What to do:
Only one stretch of the data below is wanted: the lines from the one with "imageCuisinart Contour Stainless" through the one with "The Marélline –", repeated exactly.

Segment Start: Records shown

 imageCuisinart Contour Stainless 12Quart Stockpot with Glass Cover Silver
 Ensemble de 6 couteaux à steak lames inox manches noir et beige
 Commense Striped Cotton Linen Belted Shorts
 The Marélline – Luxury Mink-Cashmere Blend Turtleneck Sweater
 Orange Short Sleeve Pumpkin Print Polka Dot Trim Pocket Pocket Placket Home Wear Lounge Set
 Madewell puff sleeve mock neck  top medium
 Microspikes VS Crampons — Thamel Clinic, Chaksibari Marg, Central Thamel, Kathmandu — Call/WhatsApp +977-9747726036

Segment End: Records shown
Segment Start: Records shown

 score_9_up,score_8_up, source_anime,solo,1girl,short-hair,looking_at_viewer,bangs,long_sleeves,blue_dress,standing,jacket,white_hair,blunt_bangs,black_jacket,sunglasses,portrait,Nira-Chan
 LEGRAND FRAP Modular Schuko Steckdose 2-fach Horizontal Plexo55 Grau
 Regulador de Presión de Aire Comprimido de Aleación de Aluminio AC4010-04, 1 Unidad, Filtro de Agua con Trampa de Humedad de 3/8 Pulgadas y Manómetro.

Segment End: Records shown
Segment Start: Records shown

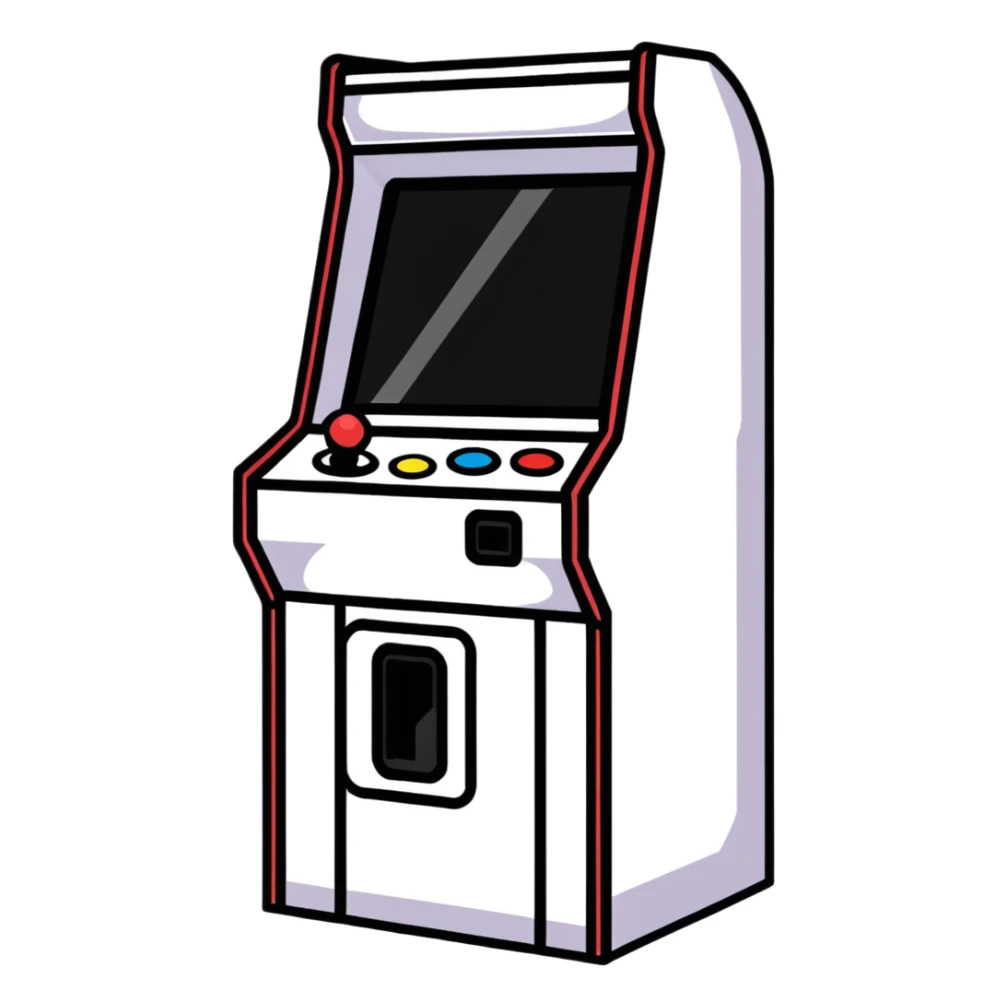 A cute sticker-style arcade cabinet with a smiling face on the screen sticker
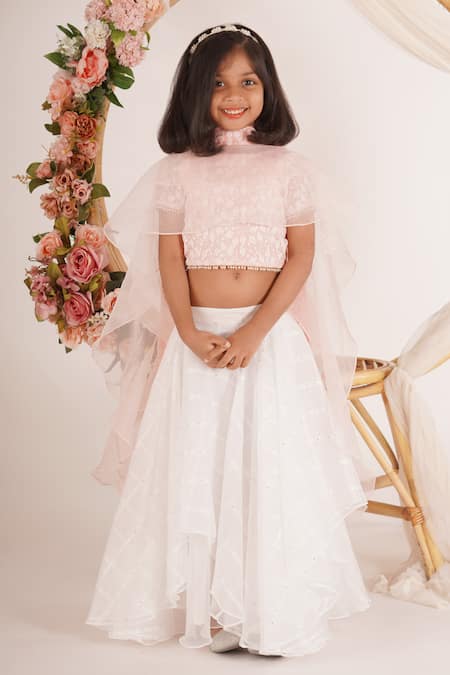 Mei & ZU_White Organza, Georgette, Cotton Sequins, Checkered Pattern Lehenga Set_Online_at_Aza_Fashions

Segment End: Records shown

Exercise result:
 imageCuisinart Contour Stainless 12Quart Stockpot with Glass Cover Silver
 Ensemble de 6 couteaux à steak lames inox manches noir et beige
 Commense Striped Cotton Linen Belted Shorts
 The Marélline – Luxury Mink-Cashmere Blend Turtleneck Sweater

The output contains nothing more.